Release Date: February 20, 2018
My Rating: 🍪🍪🍪🍪.5
I am going to start off this review by addressing the half a star (err cookie) that I knocked off my rating. The only reason this memoir wasn’t a full five out of five for me is because of my own personal discomfort when reading about the violence and abuse Tara was subjected to. Her experiences are, of course, the essence of the book. The stories are told in a matter of fact and straightforward manner, but the descriptions of injuries and accidents were hard for me to swallow. That’s my problem, and not a problem with the writing or the book as a whole. That being said, this was an incredible book. I doubt there is much I can get down in a review that hasn’t been said already, but I’ll do my best.
Educated is a memoir about a girl growing up in rural Idaho. She is raised Mormon, with a father who is convinced the government is inherently evil, and the End Days are imminent. He works hard to try to prepare his family for the impending end of life as they know it, making sure they have access to weapons and water. For an income, he scraps metal, and employs his children as his team in this dangerous endeavor. The kids do not go to school. The education system is understood to be a means of government control. Most of the children don’t even have birth certificates, and, at least for a while, there is no record of their existence.
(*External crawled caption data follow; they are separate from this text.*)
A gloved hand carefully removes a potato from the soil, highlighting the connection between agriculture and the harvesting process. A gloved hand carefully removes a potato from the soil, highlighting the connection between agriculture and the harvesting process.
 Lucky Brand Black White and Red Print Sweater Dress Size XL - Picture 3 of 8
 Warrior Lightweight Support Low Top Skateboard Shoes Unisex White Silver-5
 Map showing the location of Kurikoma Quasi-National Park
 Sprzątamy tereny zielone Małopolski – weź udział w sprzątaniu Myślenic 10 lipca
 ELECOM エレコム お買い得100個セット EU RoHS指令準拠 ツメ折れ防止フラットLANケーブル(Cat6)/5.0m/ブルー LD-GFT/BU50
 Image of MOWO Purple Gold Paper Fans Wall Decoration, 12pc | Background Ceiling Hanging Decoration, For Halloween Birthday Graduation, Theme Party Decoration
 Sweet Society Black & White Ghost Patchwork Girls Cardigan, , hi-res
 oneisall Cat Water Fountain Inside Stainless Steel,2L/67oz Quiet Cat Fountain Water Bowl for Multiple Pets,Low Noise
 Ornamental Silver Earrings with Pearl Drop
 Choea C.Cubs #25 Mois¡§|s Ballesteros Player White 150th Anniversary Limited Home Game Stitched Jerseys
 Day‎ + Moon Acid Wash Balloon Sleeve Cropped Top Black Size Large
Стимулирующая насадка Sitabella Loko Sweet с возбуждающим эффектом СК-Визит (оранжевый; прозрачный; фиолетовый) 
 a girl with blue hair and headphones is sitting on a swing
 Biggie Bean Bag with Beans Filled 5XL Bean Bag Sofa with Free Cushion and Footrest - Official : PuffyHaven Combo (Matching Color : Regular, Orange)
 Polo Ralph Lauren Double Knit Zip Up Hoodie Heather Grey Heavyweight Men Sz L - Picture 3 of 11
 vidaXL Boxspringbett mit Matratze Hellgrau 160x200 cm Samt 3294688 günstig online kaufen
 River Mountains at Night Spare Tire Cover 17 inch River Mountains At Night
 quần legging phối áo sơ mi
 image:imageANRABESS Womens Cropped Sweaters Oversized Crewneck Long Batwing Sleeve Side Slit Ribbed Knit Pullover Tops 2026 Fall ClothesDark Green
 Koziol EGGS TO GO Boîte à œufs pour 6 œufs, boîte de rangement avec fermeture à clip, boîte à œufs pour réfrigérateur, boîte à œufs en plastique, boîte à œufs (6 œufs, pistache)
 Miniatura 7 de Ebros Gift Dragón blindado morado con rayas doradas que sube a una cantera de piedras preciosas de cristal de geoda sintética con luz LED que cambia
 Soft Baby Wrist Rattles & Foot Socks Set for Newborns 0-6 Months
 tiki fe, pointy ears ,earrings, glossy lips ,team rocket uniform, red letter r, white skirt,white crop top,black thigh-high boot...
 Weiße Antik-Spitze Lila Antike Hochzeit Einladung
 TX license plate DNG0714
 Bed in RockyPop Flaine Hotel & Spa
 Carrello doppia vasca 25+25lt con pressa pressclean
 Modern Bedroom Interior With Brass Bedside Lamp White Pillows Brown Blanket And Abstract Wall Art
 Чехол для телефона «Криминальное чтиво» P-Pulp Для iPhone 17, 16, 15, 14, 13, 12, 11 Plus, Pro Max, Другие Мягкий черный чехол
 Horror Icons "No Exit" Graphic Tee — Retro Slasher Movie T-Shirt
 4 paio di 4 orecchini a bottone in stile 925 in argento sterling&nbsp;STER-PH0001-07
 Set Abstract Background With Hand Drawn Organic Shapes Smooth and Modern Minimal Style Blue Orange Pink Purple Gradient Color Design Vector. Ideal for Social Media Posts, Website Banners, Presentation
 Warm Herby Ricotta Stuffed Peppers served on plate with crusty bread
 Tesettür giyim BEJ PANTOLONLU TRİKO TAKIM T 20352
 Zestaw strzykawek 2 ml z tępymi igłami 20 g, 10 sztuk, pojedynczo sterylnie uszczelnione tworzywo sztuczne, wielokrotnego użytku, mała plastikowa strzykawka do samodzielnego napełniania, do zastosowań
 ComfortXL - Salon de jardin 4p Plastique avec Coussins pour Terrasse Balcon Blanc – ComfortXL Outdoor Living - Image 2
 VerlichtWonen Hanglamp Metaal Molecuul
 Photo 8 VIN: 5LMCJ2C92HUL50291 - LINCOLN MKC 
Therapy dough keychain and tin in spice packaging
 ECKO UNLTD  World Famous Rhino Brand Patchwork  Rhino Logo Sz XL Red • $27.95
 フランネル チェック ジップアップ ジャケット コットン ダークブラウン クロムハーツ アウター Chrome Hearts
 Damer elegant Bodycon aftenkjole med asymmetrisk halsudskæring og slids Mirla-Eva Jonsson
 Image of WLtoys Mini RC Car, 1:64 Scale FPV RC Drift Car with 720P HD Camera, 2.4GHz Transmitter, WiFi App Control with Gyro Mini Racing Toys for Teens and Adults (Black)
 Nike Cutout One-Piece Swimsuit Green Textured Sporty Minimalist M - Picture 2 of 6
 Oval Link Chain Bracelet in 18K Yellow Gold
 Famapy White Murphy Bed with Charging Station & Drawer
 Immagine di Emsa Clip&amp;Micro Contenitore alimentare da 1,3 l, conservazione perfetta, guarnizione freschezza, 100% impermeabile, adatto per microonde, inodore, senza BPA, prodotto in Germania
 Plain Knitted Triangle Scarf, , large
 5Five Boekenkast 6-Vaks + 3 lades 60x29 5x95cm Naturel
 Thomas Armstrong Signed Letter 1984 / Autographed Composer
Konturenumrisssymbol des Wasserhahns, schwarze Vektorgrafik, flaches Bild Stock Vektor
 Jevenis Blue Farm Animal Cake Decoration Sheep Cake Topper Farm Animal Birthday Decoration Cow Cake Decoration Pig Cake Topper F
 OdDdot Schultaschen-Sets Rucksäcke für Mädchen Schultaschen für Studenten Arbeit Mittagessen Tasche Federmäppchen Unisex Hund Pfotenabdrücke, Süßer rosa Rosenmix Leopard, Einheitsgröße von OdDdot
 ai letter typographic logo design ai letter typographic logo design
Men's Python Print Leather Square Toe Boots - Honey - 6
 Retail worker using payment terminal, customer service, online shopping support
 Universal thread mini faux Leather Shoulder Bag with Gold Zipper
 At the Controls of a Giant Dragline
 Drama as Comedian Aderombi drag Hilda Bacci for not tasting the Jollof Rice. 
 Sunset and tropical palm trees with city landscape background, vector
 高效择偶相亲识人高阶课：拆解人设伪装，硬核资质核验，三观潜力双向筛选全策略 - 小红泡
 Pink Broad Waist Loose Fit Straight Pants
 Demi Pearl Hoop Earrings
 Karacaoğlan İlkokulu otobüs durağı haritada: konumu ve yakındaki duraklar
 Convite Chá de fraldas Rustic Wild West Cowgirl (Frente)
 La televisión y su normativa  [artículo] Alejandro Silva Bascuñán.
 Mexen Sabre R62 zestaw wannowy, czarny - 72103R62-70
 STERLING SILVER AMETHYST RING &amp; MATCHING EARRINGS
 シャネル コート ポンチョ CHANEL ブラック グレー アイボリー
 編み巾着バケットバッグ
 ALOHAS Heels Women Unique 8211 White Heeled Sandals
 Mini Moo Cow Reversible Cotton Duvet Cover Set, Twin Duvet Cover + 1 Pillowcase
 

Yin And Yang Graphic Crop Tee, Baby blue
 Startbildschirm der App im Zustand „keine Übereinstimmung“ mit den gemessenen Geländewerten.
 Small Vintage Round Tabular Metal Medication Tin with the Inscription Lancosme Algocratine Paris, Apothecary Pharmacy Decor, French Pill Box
That thought in and of itself terrified me. If there’s no record that you are a person, no one external from your life is able to look out for you. Tara doesn’t even know her own birthdate, nor do her parents. One by one, Tara and her siblings become curious about education. Tara and several of her brothers take it upon themselves to study for the ACTs and enroll themselves in college. Despite not having any formal education until she steps into a college classroom for the first time, Tara becomes committed to her education. To me, the narrative read as if she were so starved for knowledge that she couldn’t get enough of it. She wanted to make up for the years when she had so little, and learn it all.
This is a story of incredible triumph as Tara studies abroad in England, and goes on to receive her PhD. There is an endless push and pull between her education and her family. The unbelievable abuse and closed-mindedness of her family, and her mother’s inability to stand up for herself were relentless. I kept hoping for Tara to see it, to see that she could walk away.
The writing in this memoir is elegant and straightforward. It is not meant to elicit pity, it simply outlines Tara’s life thus far. Almost as amazing as this book, were these Congo Bars. I made this particular batch with mini milk chocolate peanut butter cups from Trader Joe’s, instead of the baking melts called for in the recipe, and it is definitely a swap I will be making again in the future.